C’est encore le Carême, car les quarante jours de pénitence ne sont pas expirés, mais la liturgie, tout en demeurant orientée vers la préparation des catéchumènes au Baptême, est dominée par la personne du Christ souffrant.
Il est le seul objet des chants de la messe. Plus encore, presque toujours c’est lui qui est en scène ; c’est lui qui parle, lui qui chante, nous livrant à travers la mélodie les sentiments qui furent les siens durant le terrible drame des derniers jours de sa vie.
Ce n’est pas tout. Le Christ ne fut pas seul dans sa Passion. Sa personnalité divine nous contenait tous. Il nous avait en lui, chacun distinctement présent, et, parce qu’il connaissait à l’avance les actes de notre volonté par lesquels nous nous donnerions à lui un jour pour continuer son sacrifice, il nous associait à toute son œuvre de Rédemption. C’est en cela que nous étions dans la Passion, c’est en cela que nous y sommes encore.

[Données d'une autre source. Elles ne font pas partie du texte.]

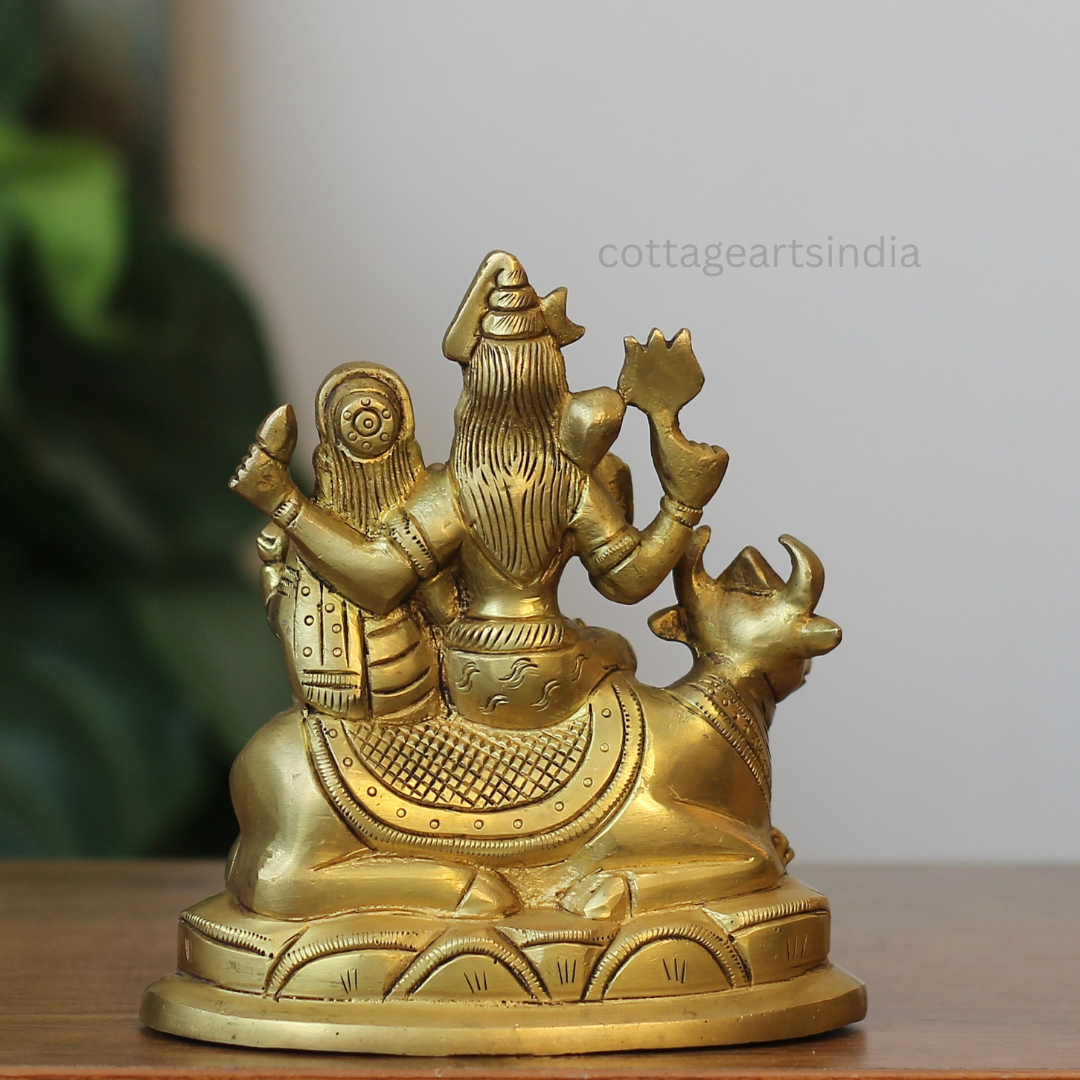 Handcrafted Brass Shiva Parivar Idol – Lord Shiva, Parvati, Ganesha & Kartikeya Family Statue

Quand l’Eglise la renouvelle devant nous liturgiquement, les mots et les chants dont elle se sert ont donc deux sens, ou mieux, leur sens est à la fois passé et présent, historique et actuel. Historique en ce qu’ils expriment ce que fut l’âme du Christ souffrant au moment où il souffrit ; actuel en ce que cette expression, par l’Eglise et la liturgie, nous arrive à travers les siècles, non comme un souvenir archaïque, mais comme une chose qui n’a pas cessé d’être, qui demeure vivante, qui s’étend seulement dans le temps avec le cours des âges, pour atteindre les hommes à mesure qu’ils viennent à l’existence, et pour être leur propre expression dans la Passion du Christ qu’ils continuent.
Voilà comment il faut les entendre, voilà comment il faut les chanter, si nous voulons comprendre ce qu’ils expriment et l’exprimer nous-mêmes.
Dom Ludovic Baron
Introït
Par les moines de Solesmes, 1952 ou 1953 (enregistrement restauré par Musicologie médiévale) :
Júdica me, Deus, et discérne causam meam de gente non sancta : ab homine iníquo et dolóso éripe me : quia tu es Deus meus et fortitúdo mea.
Emítte lucem tuam et veritátem tuam : ipsa me de duxérunt et adduxérunt in montem sanctum tuum et in tabernácula tua.
Ô Jugez-moi, ô Dieu, et séparez ma cause de celle d’une nation qui n’est pas sainte : délivrez-moi de l’homme méchant et trompeur. Car vous êtes ma force, ô Dieu.
Envoyez votre lumière et votre vérité ; elles me conduiront et m’amèneront à votre montagne sainte et à vos tabernacles.